At the time I was aware that I was dealing with the issues surrounding the limitations of edges, boundaries and frames in addition using the multi-leveled planes of the multitiered surfaces to re-enforce the physicality of the 3-dimensional paintings as structure, thereby declaring the pieces inclusive as both sculptural objects and paintings.

Even in these early works it is evident that though I was working within the box I was trying to emphasize the need not to be defined by the box. I believe that this interplay between opposites has been declarative throughout my work right up to the present.

As the restrictions of the geometric painting became too controlling for me the linear motifs washed away into color fields of rolled paint. But even though the colors would subtly flow into one another and roll over the edges and off the sides of the of the box the boundaries of these stretched rectangles still were too defining for me. The physical structure still interfered with the freedom of expression for which I seemed to be searching. It wasn’t long before I got rid of the stretchers all together in order to allow the paintings to float unrestrained upon the surface of the walls. Yet in opposition to this “freedom” I chose to use spikes protruding from the corners nailing the paintings in place on the walls.

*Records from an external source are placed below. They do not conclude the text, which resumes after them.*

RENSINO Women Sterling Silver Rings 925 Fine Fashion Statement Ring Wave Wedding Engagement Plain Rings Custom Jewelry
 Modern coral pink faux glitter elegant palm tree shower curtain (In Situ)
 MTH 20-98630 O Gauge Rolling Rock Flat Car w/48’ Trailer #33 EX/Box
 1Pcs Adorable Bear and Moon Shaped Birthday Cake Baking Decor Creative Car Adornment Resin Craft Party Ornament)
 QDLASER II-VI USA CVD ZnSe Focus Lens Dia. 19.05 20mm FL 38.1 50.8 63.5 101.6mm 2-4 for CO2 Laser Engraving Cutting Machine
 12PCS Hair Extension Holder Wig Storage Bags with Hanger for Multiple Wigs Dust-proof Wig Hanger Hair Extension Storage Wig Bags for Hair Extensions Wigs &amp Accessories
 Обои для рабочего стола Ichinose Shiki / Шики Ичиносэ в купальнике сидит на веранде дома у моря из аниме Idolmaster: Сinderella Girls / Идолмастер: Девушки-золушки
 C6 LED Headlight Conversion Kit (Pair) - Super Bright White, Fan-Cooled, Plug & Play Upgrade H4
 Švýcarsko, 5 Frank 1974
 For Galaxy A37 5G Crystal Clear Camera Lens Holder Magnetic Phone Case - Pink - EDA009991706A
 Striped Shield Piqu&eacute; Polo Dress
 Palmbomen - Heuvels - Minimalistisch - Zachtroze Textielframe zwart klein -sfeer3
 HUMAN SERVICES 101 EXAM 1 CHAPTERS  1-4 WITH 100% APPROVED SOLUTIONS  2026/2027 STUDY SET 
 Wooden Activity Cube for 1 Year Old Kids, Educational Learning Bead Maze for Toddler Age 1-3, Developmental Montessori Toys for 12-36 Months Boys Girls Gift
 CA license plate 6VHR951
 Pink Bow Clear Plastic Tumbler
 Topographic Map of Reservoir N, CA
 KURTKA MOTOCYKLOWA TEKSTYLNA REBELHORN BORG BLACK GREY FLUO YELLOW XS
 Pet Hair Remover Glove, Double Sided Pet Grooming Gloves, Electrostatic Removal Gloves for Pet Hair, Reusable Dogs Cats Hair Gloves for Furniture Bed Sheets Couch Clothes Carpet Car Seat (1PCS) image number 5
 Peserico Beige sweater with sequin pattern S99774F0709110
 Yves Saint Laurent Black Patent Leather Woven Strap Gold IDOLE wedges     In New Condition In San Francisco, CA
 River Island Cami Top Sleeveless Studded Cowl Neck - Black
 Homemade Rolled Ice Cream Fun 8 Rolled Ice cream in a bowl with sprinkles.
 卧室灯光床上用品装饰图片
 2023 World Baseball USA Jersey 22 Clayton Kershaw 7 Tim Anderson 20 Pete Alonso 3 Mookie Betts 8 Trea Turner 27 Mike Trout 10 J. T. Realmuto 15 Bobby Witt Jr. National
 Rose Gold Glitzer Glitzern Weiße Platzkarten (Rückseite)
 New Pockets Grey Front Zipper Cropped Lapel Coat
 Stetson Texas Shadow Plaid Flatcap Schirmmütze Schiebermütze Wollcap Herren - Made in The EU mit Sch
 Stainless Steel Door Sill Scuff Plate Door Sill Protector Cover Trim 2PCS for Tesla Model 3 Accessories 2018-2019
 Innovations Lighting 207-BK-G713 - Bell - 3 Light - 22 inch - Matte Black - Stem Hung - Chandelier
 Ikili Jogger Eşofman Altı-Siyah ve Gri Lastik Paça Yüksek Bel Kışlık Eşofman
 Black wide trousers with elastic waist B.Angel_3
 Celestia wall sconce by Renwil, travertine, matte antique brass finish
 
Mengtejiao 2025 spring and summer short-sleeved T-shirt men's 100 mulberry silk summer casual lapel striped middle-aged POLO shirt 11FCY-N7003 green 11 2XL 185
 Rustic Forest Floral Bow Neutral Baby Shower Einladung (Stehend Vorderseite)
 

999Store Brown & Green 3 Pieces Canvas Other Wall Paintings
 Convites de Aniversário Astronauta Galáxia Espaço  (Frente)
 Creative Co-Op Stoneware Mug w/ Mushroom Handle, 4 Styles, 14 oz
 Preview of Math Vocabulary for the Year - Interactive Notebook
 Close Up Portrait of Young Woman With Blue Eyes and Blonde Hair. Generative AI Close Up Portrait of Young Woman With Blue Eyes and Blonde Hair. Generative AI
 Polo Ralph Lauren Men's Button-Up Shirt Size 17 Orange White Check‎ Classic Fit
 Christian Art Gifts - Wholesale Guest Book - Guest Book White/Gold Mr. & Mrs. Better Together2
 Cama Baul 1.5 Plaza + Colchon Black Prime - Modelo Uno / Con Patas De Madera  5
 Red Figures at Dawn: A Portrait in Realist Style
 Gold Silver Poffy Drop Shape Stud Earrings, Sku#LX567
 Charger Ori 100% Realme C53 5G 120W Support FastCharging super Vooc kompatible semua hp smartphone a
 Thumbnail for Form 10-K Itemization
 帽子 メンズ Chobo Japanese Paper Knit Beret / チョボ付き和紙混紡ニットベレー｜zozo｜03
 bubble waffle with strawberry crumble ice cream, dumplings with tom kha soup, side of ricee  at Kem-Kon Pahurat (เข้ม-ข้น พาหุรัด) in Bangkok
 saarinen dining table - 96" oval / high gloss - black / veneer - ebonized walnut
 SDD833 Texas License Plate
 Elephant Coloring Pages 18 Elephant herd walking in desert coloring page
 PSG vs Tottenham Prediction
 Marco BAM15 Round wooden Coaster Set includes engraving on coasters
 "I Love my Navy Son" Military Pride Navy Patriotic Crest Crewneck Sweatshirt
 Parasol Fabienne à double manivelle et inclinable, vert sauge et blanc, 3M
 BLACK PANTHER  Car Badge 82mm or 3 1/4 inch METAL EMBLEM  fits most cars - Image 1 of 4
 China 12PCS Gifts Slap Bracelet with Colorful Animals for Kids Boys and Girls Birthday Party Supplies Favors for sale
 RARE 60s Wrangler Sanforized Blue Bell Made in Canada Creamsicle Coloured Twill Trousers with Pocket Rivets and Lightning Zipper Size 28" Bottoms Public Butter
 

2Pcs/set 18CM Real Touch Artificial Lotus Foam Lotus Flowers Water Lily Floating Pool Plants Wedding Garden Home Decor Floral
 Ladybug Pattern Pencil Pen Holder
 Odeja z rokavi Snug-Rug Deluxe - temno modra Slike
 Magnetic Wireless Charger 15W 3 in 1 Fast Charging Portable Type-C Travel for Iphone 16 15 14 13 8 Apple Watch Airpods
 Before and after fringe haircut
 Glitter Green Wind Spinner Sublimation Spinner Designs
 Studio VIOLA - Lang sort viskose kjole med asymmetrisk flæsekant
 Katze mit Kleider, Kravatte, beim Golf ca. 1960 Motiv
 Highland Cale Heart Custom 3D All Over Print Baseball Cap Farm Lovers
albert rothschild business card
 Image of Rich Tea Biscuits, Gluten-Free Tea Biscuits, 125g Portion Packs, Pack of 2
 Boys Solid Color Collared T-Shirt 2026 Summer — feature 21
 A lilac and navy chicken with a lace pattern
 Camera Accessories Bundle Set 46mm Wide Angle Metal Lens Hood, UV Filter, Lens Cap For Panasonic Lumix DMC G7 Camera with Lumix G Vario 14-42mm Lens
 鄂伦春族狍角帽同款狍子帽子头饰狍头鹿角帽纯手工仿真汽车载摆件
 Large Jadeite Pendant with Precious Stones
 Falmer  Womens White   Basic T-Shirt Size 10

In time I moved completely away from the restrictions of the walls and began to paint on both sides of the unstretched canvases allowing them to float within the 3-dimensional space of the room undefined by the 2-dimensional plane of the wall. Also at this time I began lifting the brush off the surface of the canvases in order to allow the paint to fly or float through the air in order to reach the surfaces of the paintings. This act itself exemplifies the most important aspects of the process, that is the process itself, the artistic act. The finished surface of a painting is the aesthetic effect of the brush stroked painted surface or the swatch of color placed upon the canvas in an attempt to describe an event or an emotion. This is very restrictive and extremely artificial to me.

Just as dreams or free associations can unveil subconscious motivations behind the waking life, I choose to use my work as a map to decipher my personal motivations. By interpreting my own footsteps I find it is possible to secure some understanding of the underlying motivations that guide my trek along the pathway of my life.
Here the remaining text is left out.